Lo que el niño no olvida, el viejo lo recuerda

Esta cita de Kierkegaard refleja de manera brillante la realidad de los recuerdos que nuestros mayores nos cuentan. Vivimos tiempos, en nuestra sociedad europea, donde nuestros abuelos se han convertido en molestias; de un tiempo a esta parte parece que los ancianos interesan en tanto en cuanto pueden ofrecer a sus descendientes el pecunio suficiente para su propia subsistencia y la del resto.
Convendría hacer un ejercicio de autocrítica, un análisis de lo que hacemos con nuestros mayores, del maltrato (aunque ellos no se quejen y nosotros no lo creamos así) a que les sometemos cuando los dejamos aparcados en una residencia o en la calle.
En otras culturas los ancianos son una fuente inagotable de sabiduría, una fuente de la que pueden beber las siguientes generaciones, de la que se alimentan para poder realizar las tareas diarias y futuras.
No se trata de seguir al pie de la letra los dictados de la experiencia de nuestros mayores, lo que implicaría un anquilosamiento social, sino de adecuarlos al pensamiento diario, a la modernidad que avanza a pasos agigantados, tenemos que ser capaces de ver en los preceptos de nuestros ancianos, el futuro de nuestros hijos. Obviamente mediante un proceso de adaptación del pensamiento.
Hoy día no podemos tomar los escritos de Marx y pensar en aplicarlos tal cual, de manera literal (cómo si hacen en las tribus menos desarrolladas), sino que aceptamos sin problema que hay que adaptar su manera de entender el movimiento obrero a los tiempos de hoy.
Si hacemos eso, que lo hemos hecho en esta pasada crisis, por qué nos cuesta tanto aceptar los consejos que pueden darnos nuestros mayores.

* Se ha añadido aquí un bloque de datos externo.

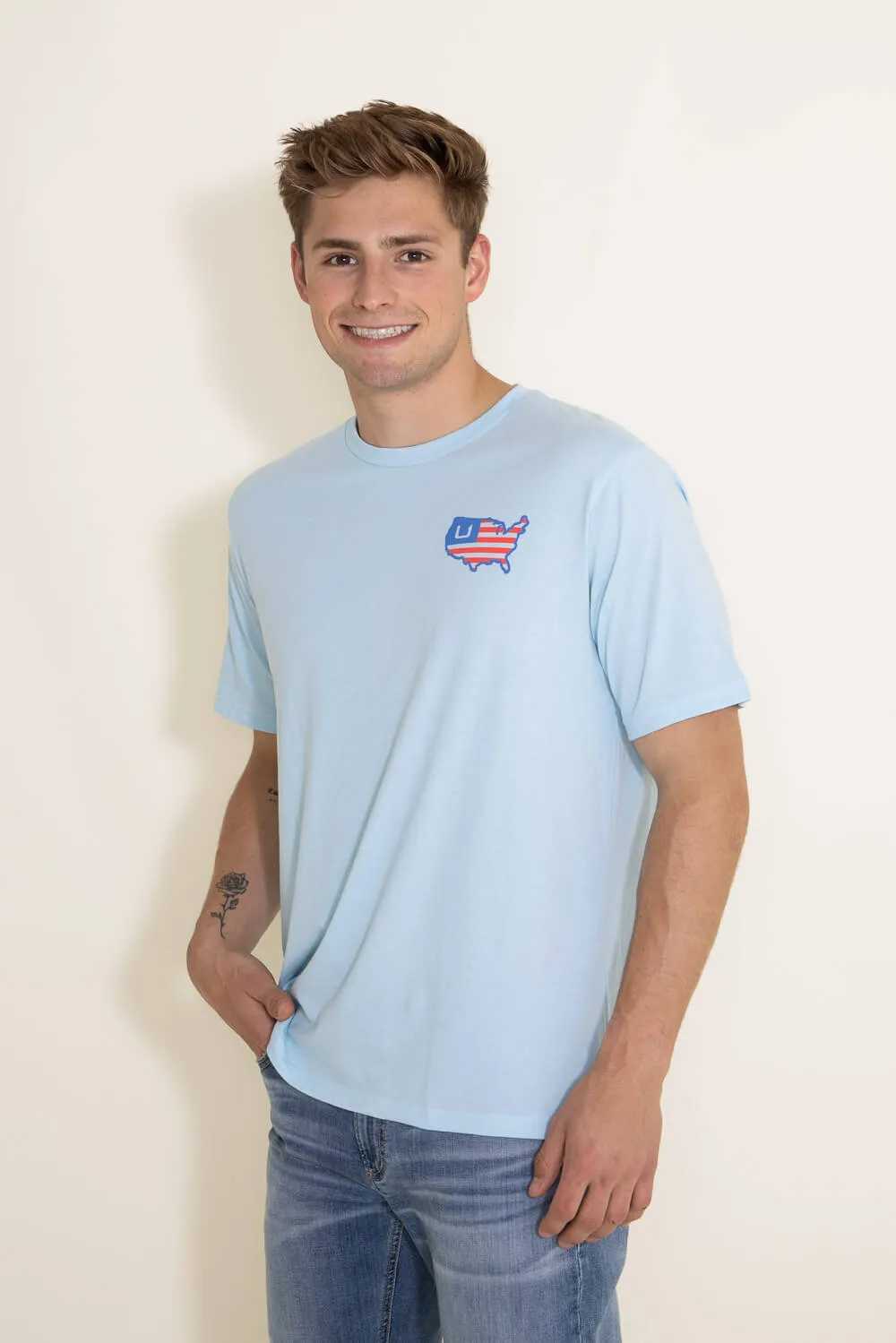 Huk Fishing American Huk T-Shirt for Men in Blue | H1000399-497 sold by Glik’s product image thumbnail 3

Por qué razón no enseñamos a nuestros hijos que escuchar a sus abuelos puede ser, y de hecho lo es, una parte muy importante de su aprendizaje y posterior formación humana. La razón es simple y a la vez terrible. La deshumanización de nuestra sociedad se está haciendo cada vez más patente e intensa. Nuestros hijos no juegan entre ellos en medio de la calle, ni siquiera se ven cara a cara; juegan en recintos cerrados, pasan horas delante de consolas, se hablan a través de webcam... la modernidad no debería estar reñida con las relaciones personales, con el contacto humano. Nos pretenden vender que el nuevo mundo se debe encaminar a unas relaciones quasi virtuales, donde el píxel sea la razón de ser del mundo; craso error el de creer que el virtualismo debe ocupar el espacio del contacto directo.
Uno puede interpretar desde la distancia cibernética el sentimiento, el dolor, el color... pero en un rápido vistazo cara a cara se descubren muchas más cosas; Se pueden disimular unas pero no ocultar otras.
Nuestra relación con nuestros mayores debería establecerse en términos de respeto, de admiración por la vida pasada, y de reconocimiento de aquellos valores que ellos tienen. Nadie dice que lo debamos hacer sin una mirada crítica, sin una observación con la distancia que da la diferencia de edad... pero es bueno escuchar lo que ellos han vivido en otras sociedades, en otros momentos históricos. Si ellos han vivido en una dictadura y nosotros no, deberíamos escuchar y aprender de los errores de entonces para que no volver a cometerlos y que una sociedad tan moderna pueda derivar en un proceso dictatorial, por ejemplo.
Y dirán “Eso no se va a repetir”, tonterías, si algo demuestra la historia es que es tozuda y que los hombres repetimos los mismos errores cíclicamente.
Kierkegaard establece distancias entre recordar y acordarse; y las hay. Uno al recordar rememora un episodio, lo adorna con su propia subjetividad, lo hace suyo, y si lo plasma en papel siempre será un recuerdo contado de manera parcial. Cuando uno se acuerda, habla de algo que ha sucedido, sin subjetividad, nos acordamos cuando tenemos muy presentes los detalles.
Nuestros mayores pueden inundar de recuerdos nuestra vida y de cuando en cuando se acordarán de las vivencias que hicieron de ellos lo que son. Escuchar es una facultad que el hombre ha explorado poco, tal vez dejando de oír y aprendiendo a escuchar el mundo iría un poco mejor.